▶ [Task prompt] Without carrying over a single picture, write out the records below exactly.

▶ [Record extracts]
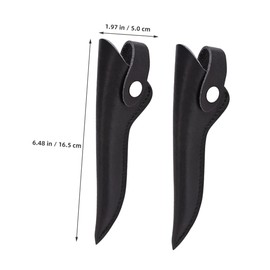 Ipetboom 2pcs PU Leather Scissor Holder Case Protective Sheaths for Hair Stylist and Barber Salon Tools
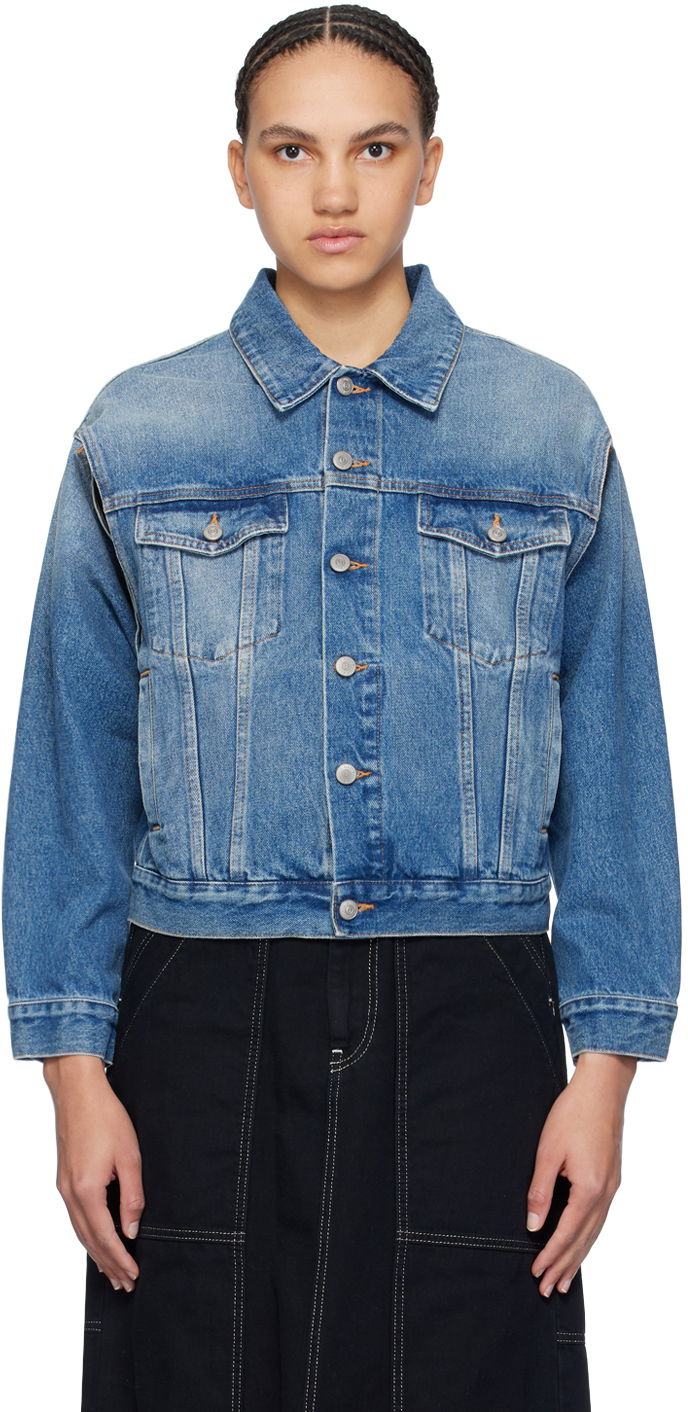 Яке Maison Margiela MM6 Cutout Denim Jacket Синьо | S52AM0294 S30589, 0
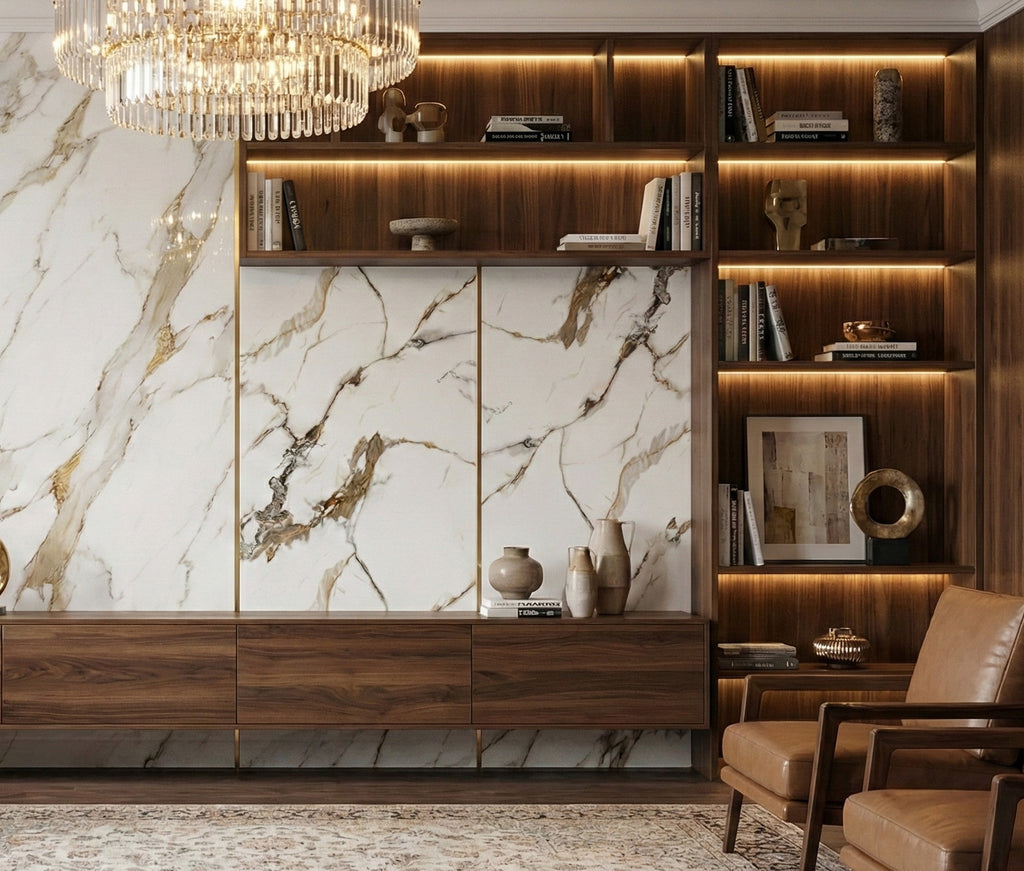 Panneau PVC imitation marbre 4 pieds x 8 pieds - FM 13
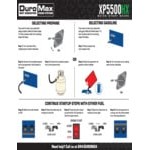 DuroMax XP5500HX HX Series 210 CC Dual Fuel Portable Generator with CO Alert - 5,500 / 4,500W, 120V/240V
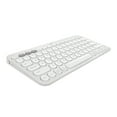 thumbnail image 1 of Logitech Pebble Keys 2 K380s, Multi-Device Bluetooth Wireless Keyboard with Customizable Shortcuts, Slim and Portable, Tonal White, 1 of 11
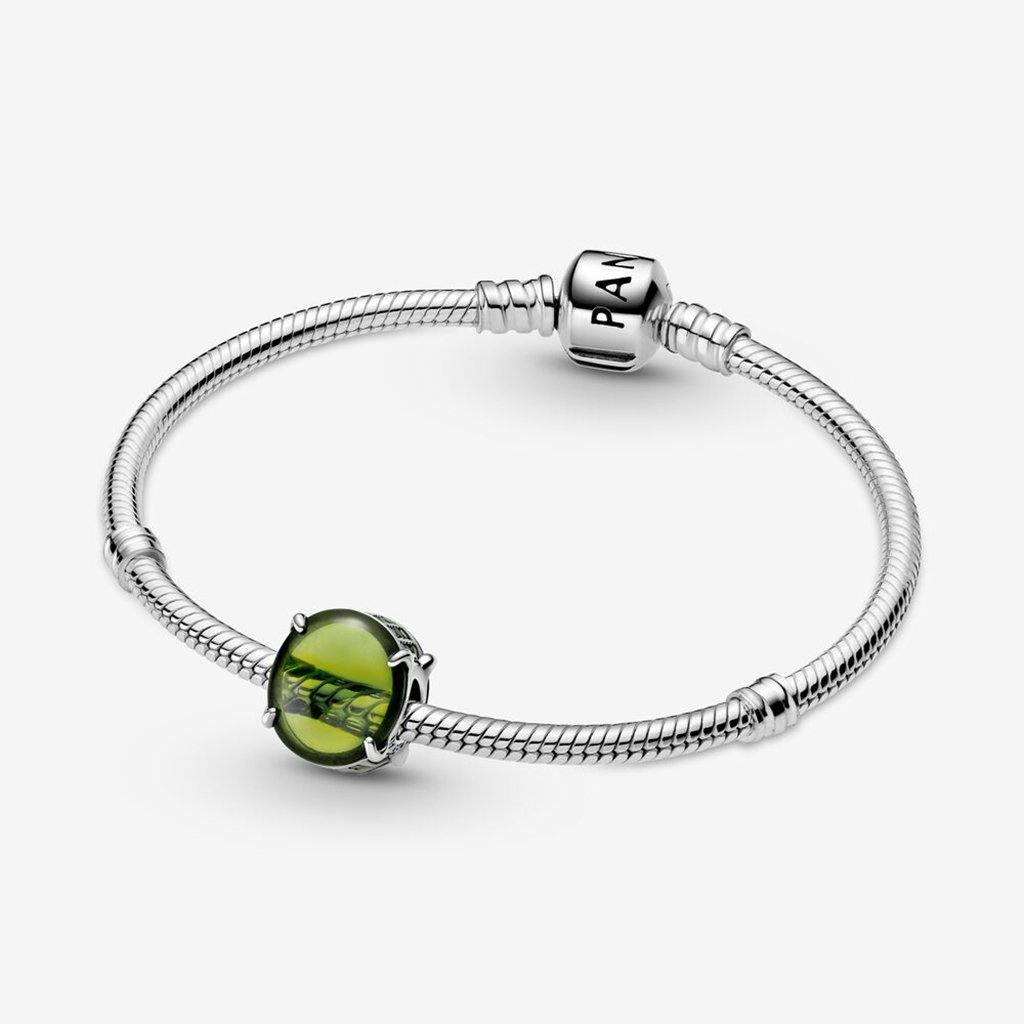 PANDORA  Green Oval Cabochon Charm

▶ [Response to this task]
 Ipetboom 2pcs PU Leather Scissor Holder Case Protective Sheaths for Hair Stylist and Barber Salon Tools
 Яке Maison Margiela MM6 Cutout Denim Jacket Синьо | S52AM0294 S30589, 0
 Panneau PVC imitation marbre 4 pieds x 8 pieds - FM 13
 DuroMax XP5500HX HX Series 210 CC Dual Fuel Portable Generator with CO Alert - 5,500 / 4,500W, 120V/240V
 thumbnail image 1 of Logitech Pebble Keys 2 K380s, Multi-Device Bluetooth Wireless Keyboard with Customizable Shortcuts, Slim and Portable, Tonal White, 1 of 11
 PANDORA  Green Oval Cabochon Charm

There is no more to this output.